A Heavy Dose of Ranting: Is the US judicial branch compromised?

Shortly after the midterm elections, Attorney General Jeff Sessions was fired by President Trump [1]. It’s likely that Trump held off on the firing until after the elections because he knew the optics would be bad. He essentially fired Sessions in order to appoint someone else to control the Mueller investigation, since Sessions had recused himself from that role. Moreover, Trump had increasingly complained about Sessions’ loyalty towards his position rather than the GOP or the Presidency [2]. The reality is that a few GOP officials had been indicted for insider trading and a variety of campaign violations, which Sessions dutifully pursued. Trump was unsatisfied because the bad optics could jeopardize the elections. Unsurprisingly, the President could care less about the GOP adhering to the law. Personally, I doubt Trump cares about the GOP political party whatsoever; this comes down to two factors: the Russia investigation and support of Trump’s policies. Democrats gaining control is going to translate to Trump actually being held accountable and he won’t be able to pass any of his policies. Moreover, the GOP are willing to blindly support seemingly any Trump policy.

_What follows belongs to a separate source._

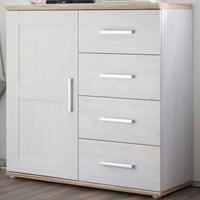 Bijzetkastje Roman 93cm met deur & 4 lades - wit/bruin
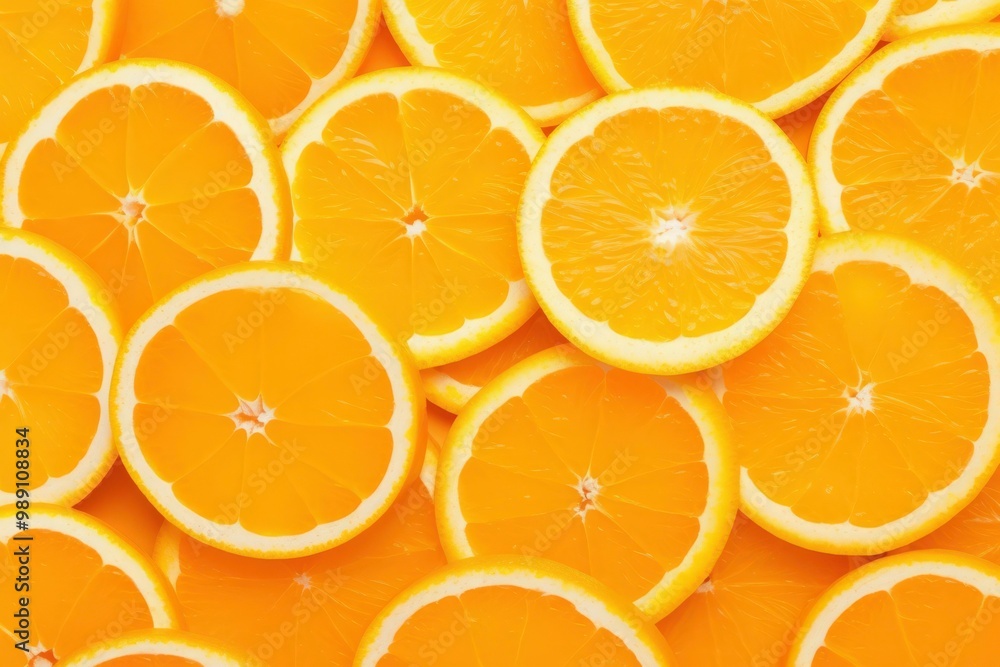 A close up of orange slices. Concept of freshness and vitality, as the bright orange color of the fruit is highlighted. Generative AI A close up of orange slices. Concept of freshness and vitality, as the bright orange color of the fruit is highlighted. Generative AI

After the “forced resignation”, Trump then went ahead an installed Matthew Whitaker into the acting Attorney General role (Sessions’ Chief of Staff). It’s been debated if this new appointment was even legal. Constitutional scholars have argued that Whitaker had never been confirmed by the Senate to operate in any type of role [3]. Keep in mind that there are plenty of US attorneys that have been confirmed by the senate; therefore, Trump simply could’ve picked any of these options.

Previously, in what now appears to be a moment of true irony, Trump had tried to argue that Mueller, the lawyer leading the Russia investigation, was illegally appointed because he was a “principal officer”. A principal officer is an individual that reports only to the President and therefore needed to be approved by the Senate [3]. However, Mueller reports to Deputy Attorney General Rod Rosenstein, therefore he doesn’t require any special approval. It’s for this exact reason that Whitaker, who reports directly to Trump, SHOULD require approval. Trump literally used this argument against Mueller, but is now ignoring it in the appointment of Whitaker.

The Trump Justice Department is using a variety of technicalities to suggest that Whitaker’s appointment is completely acceptable. For one, Whitaker’s appointment is technically temporary (i.e. 210 days are potentially allowed) due to the provisions of The Federal Vacancies Reform Act of 1998 [4]. The Federal Vacancies Reform Act of 1998, which allows for temporary appointments, was initially created to handle situations where an individual had resigned or died, rather than fired [5]. In Session’s “resignation letter”, he indicated that Trump had “requested he resign” which sounds far more like a firing, as opposed to actually quitting from a position [6]. Ultimately, there are a variety of legal opinions on this and it doesn’t appear this will be resolved anytime soon [7]. Currently, three Democrat senators have filed a lawsuit in regards to Whitaker’s appointment [8]. Time will tell how that plays out.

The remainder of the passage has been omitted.